Q: Does this actor work on YouTube Shorts and live streams? Shorts work identically to regular videos — just pass the short URL. Live streams need to be finished and archived first; you can't transcribe an active livestream because there's no complete audio track to download.

Q: Can I transcribe a YouTube video without captions enabled by the creator? Yes. The actor downloads the audio track directly and runs Whisper on it, so it doesn't depend on whether the creator enabled captions. This is the main reason to use Whisper-based transcription over scraping YouTube's caption tracks.
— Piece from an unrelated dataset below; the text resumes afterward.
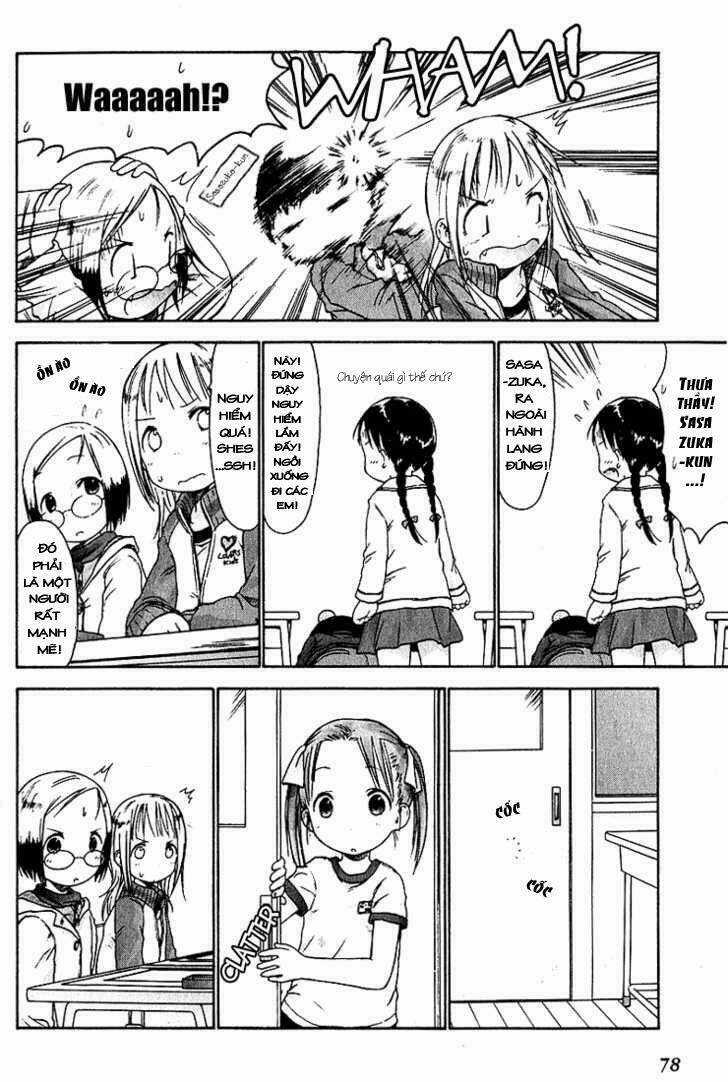 Strawberry Marshmallow Chapter 15 trang 13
Q: How accurate is Whisper for languages like Hindi or Arabic compared to English? Word error rate for Hindi typically lands at 18–28% with Whisper-large-v3, vs. 4–8% for clean English. Arabic is similar. For both, results are noticeably better than YouTube's auto-captions but expect to review technical terms and proper nouns.

Q: Does the output include speaker diarization (who said what)? The default actor output doesn't include speaker labels — Whisper itself doesn't do diarization. For interviews and podcasts where you need speaker tags, post-process the audio with pyannote.audio or use a diarization-capable service like AssemblyAI for that specific use case.

Q: Can I get word-level timestamps instead of segment-level? Yes — Faster-Whisper supports word-level timestamps via the word_timestamps: true option. This adds a few percent to processing time but gives you per-word start/end fields inside each segment, which is essential for karaoke-style captions or precise video clipping based on keywords.